正社員の他に、非正社員としての働き方が多様化していることや、女性の就労率が上昇したことで、全体の労働力人口は増えており、1人あたりに分配できる給与額は減っていく。さらに、働き方改革によって労働時間が短くなることも、年収ダウンの要因になる。労働構造の変化により、最も影響を受けやすいのは、職場での立場が弱い10~20代の世代である。

《日本の世帯年収分布》

こうした状況は、他の先進国でも共通している。米国では個人年収が1990年代から2020年にかけて2倍に上昇したが、同時に消費者物価も上昇しているため、生活が楽なわけではない。物価上昇分を調整した実質年収でみると、個人年収は35,000ドルにまで落ち込み、給与収入だけに頼らず、副業や投資を含めた家計収入を増やしていくことが、生活を豊かにするための攻略点になっている。

《米国の表面年収と実質年収(中央値)》

■出所:FRED economic data

生活物価の上昇に対して、消費者は賢い節約で防衛しようとするのが2022年のトレンドであり、「Thrifting(スリフティング=節約)」がキーワードとして流行っている。具体的な節約生活としては、中古品やリサイクル品を上手に活用することが、新たなライフスタイルになっている。これは環境に配慮した持続性重視の買い物スタイルとしても理に適っている。

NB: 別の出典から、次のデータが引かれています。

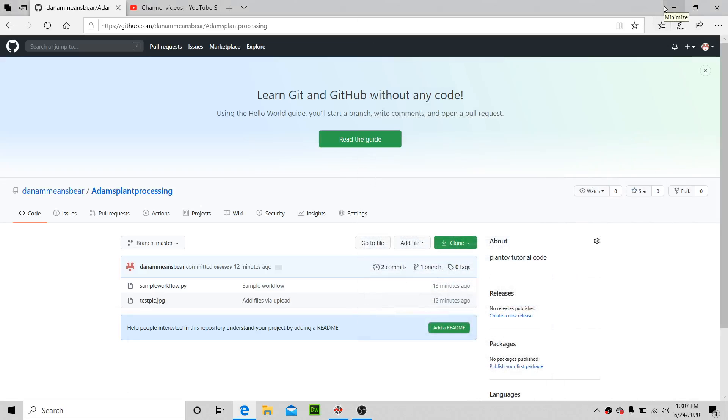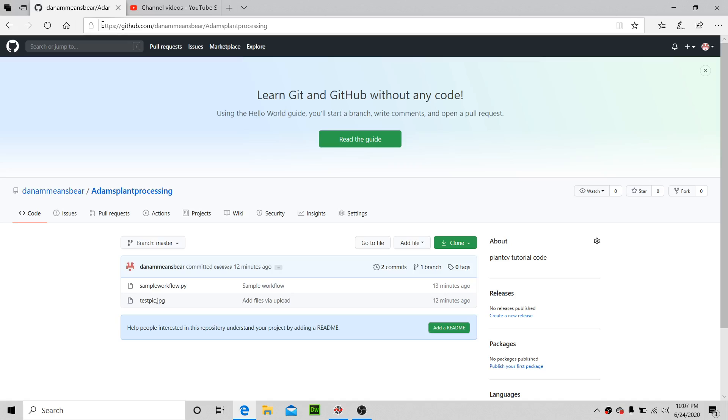All right guys, welcome to part three of this video series. Right now it's time to get some code working. Okay, so first what you're gonna do is go to my GitHub right here.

古着専門ECサイトの「thredUP」が発表したレポートによると、パンデミック以降は消費者のアパレル購入額が減少する中でも、古着の購入意欲は高まっている。
消費者の2/5はファストファッションの購入を古着に変えると答えており、その傾向はミレニアル世代とZ世代の若い層になるほど高い。

これは、コロナ禍の外出自粛が続く中で、最新のファッションを追いかける必要は無い考える消費者が増えていることや、子どもの服を古着で調達する家庭が増えていることなどが要因となっており、2030年には、古着の売上がファストファッションの2倍になることが、米国では予測されている。

2021 Fashion Resale Market and Trend Report(thredUP)

このトレンドが、日本にもそのまま当てはまるとは限らないが、服を使い捨てにしないサステナブルファッションを支持する声は、次第に高まってきている。環境省の調査によると、消費者1人あたりが年間に購入する服は18着。それに対して手放す服は12着で、年間に一度も着用されない服として、平均25着がタンスやクローゼットで眠っている。手放す服も7割はゴミとして捨てられていることから、これらの古着を再循環させていくことは、社会的な課題であり、ビジネスチャンスとして浮上してきている。